**Dataset section:**
-----
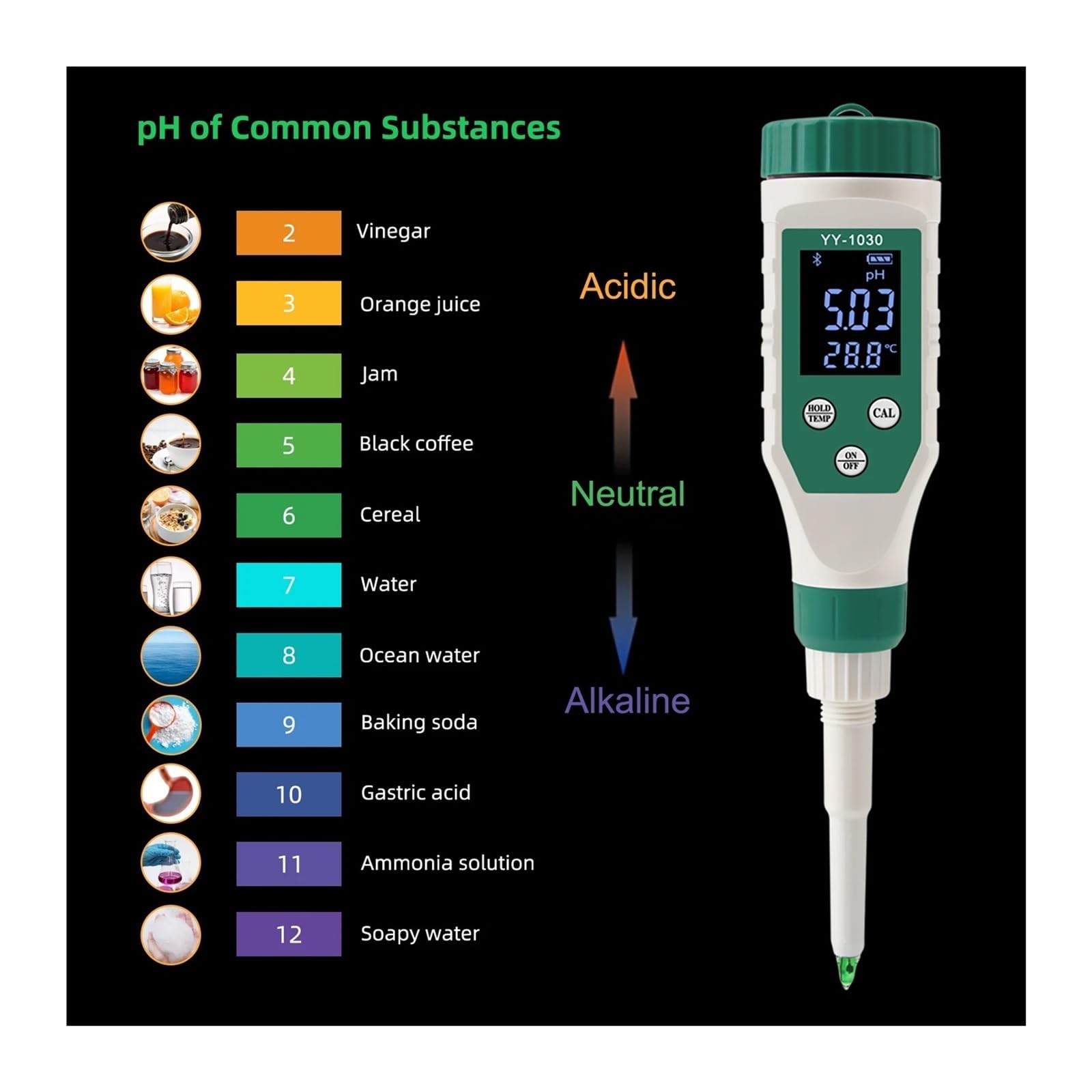 Humidimètre, Testeur de pH Alimentaire numérique Bluetooth 0,00 à 14, capteur Haute précision, testeur d'acidité intellint for Le brassa, froma, la Viande et Mise en Conserve Fruits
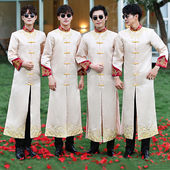 中式 衣服兄弟团接亲秀禾结婚礼服 马褂长衫 伴郎服男2025新款 兄弟装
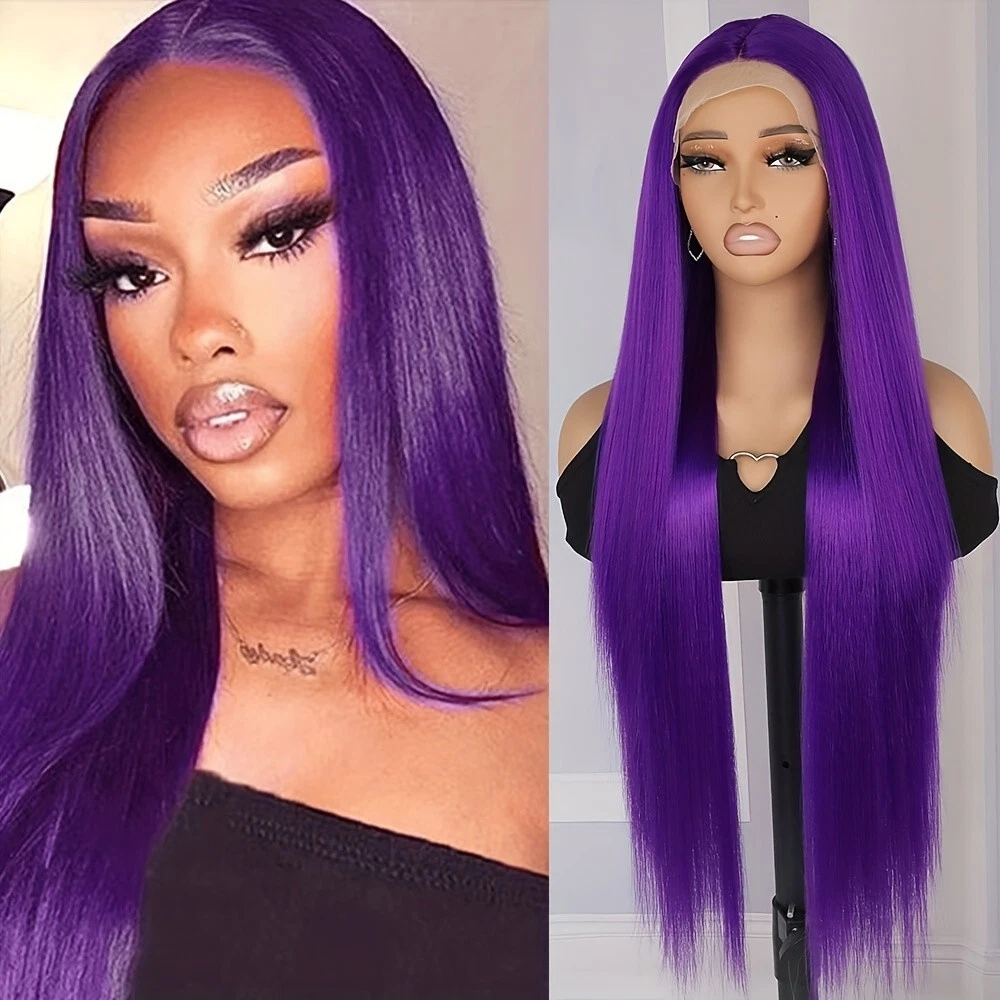 s-l1600 - 2026-07-13T231708.550 Synthetic Lace Front Wigs Glueless Purple Color Hair Wig Pre Plucked Heat Safe - Image 1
-----
**To do:**
What is needed is an exact copy of each line from the top of the data above through the line containing "中式 衣服兄弟团接亲秀禾结婚礼服 马褂长衫 伴郎服男2025新款 兄弟装", with no pictures.

**Written answer:**
 Humidimètre, Testeur de pH Alimentaire numérique Bluetooth 0,00 à 14, capteur Haute précision, testeur d'acidité intellint for Le brassa, froma, la Viande et Mise en Conserve Fruits
 中式 衣服兄弟团接亲秀禾结婚礼服 马褂长衫 伴郎服男2025新款 兄弟装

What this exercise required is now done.